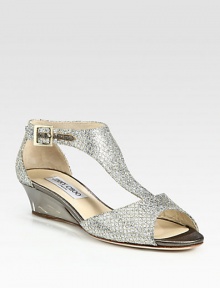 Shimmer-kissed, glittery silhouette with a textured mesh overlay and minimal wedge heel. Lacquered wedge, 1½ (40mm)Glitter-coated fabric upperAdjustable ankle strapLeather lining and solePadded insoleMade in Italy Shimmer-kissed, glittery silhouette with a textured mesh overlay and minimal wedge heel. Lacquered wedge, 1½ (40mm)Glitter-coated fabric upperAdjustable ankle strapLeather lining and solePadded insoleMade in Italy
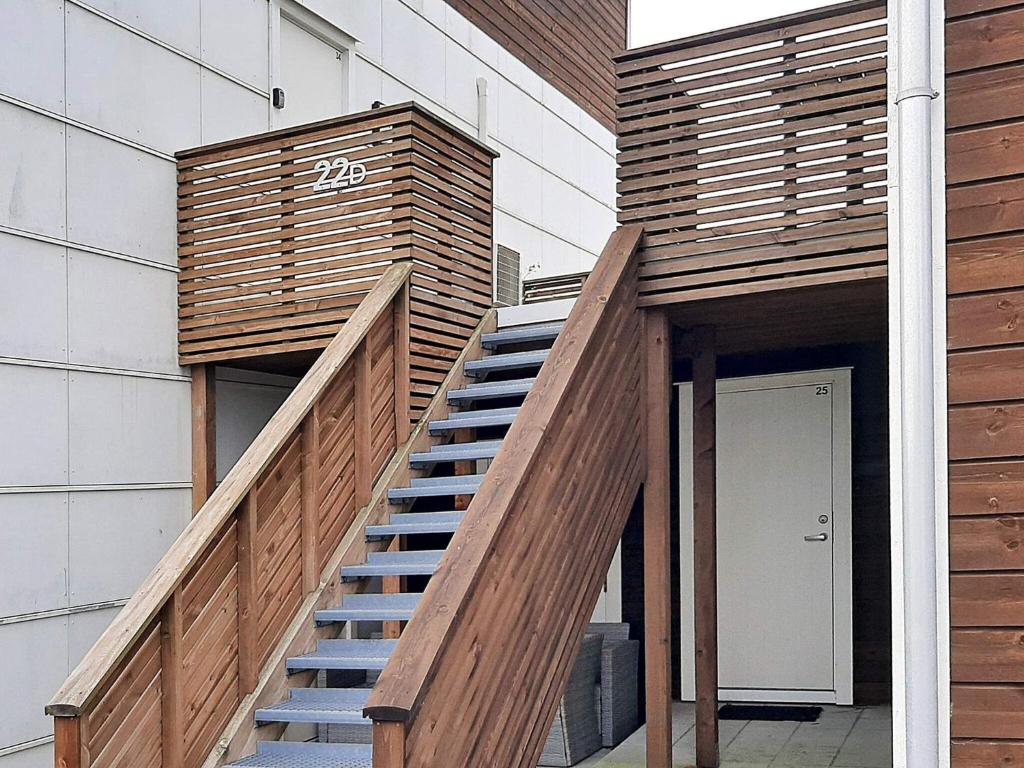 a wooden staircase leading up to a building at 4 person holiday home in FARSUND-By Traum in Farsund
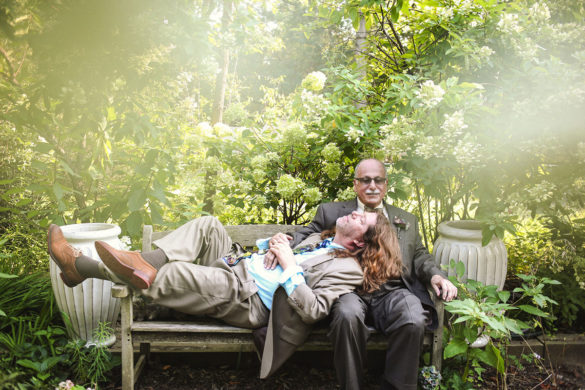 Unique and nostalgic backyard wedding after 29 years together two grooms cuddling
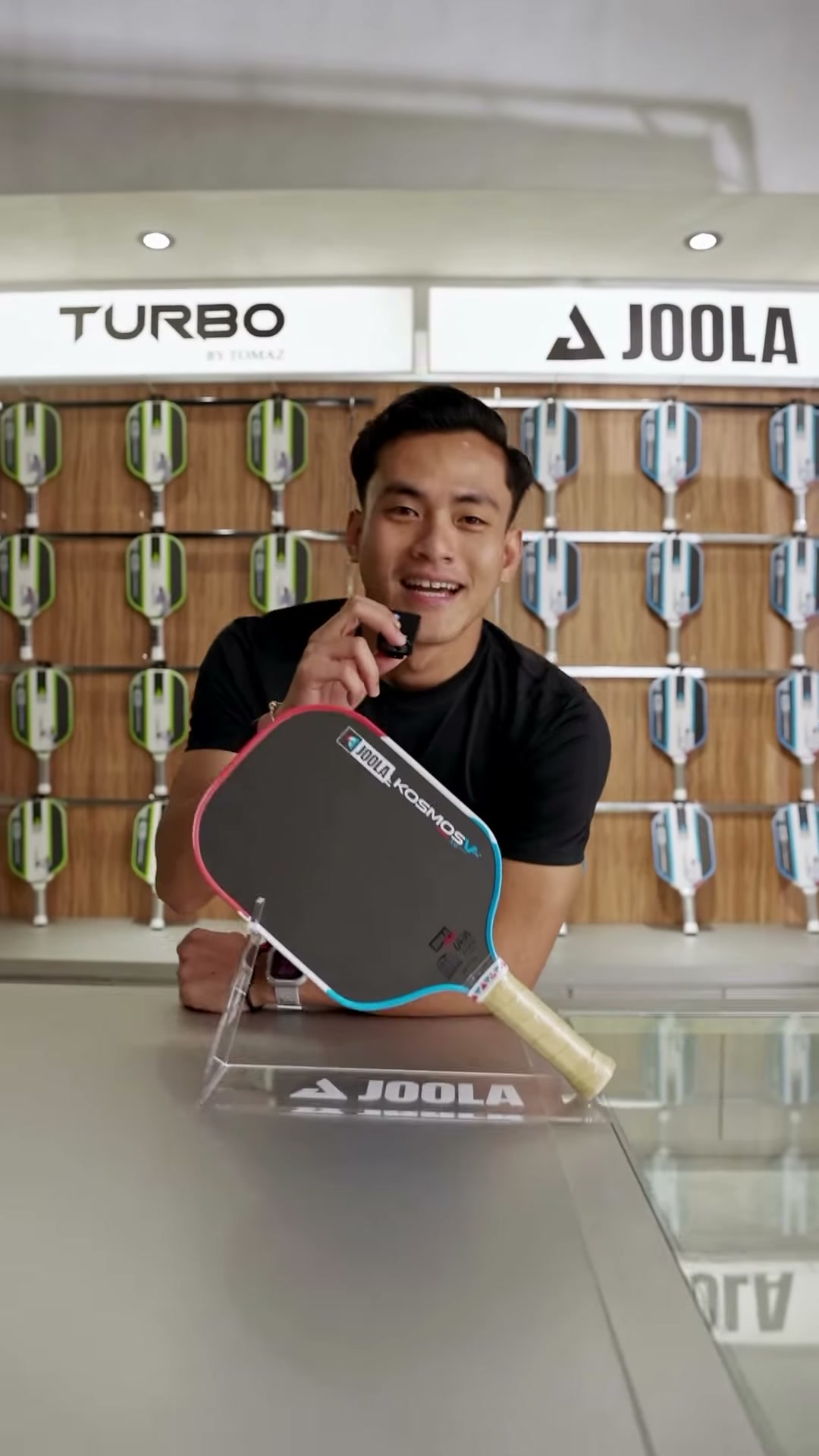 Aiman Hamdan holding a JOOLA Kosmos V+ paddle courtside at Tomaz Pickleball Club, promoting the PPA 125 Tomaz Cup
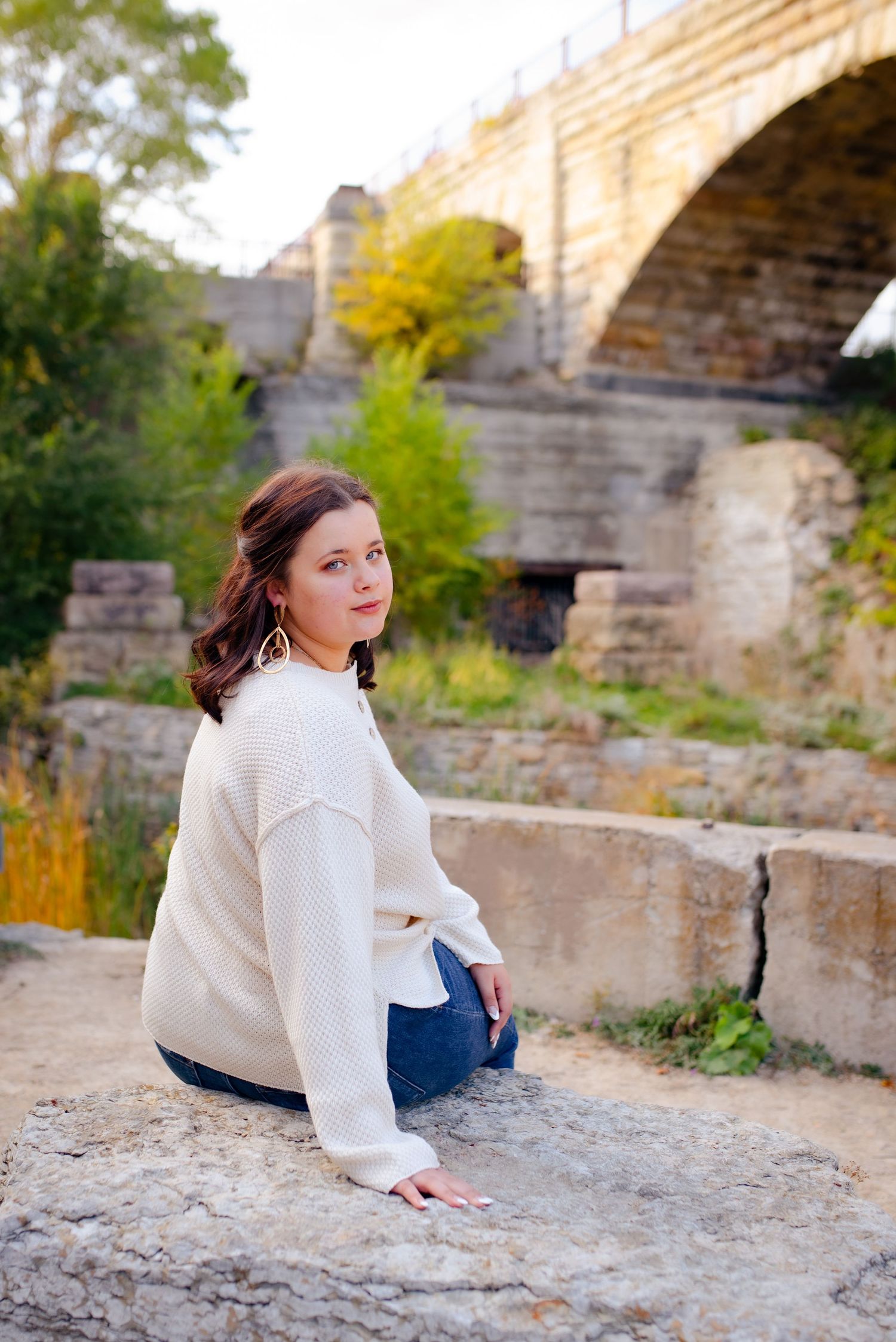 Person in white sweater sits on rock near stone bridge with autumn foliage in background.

▸ **Your objective**
A verbatim reproduction of each entry is expected, with every picture omitted.

▸ **Answer space**
 Shimmer-kissed, glittery silhouette with a textured mesh overlay and minimal wedge heel. Lacquered wedge, 1½ (40mm)Glitter-coated fabric upperAdjustable ankle strapLeather lining and solePadded insoleMade in Italy Shimmer-kissed, glittery silhouette with a textured mesh overlay and minimal wedge heel. Lacquered wedge, 1½ (40mm)Glitter-coated fabric upperAdjustable ankle strapLeather lining and solePadded insoleMade in Italy
 a wooden staircase leading up to a building at 4 person holiday home in FARSUND-By Traum in Farsund
 Unique and nostalgic backyard wedding after 29 years together two grooms cuddling
 Aiman Hamdan holding a JOOLA Kosmos V+ paddle courtside at Tomaz Pickleball Club, promoting the PPA 125 Tomaz Cup
 Person in white sweater sits on rock near stone bridge with autumn foliage in background.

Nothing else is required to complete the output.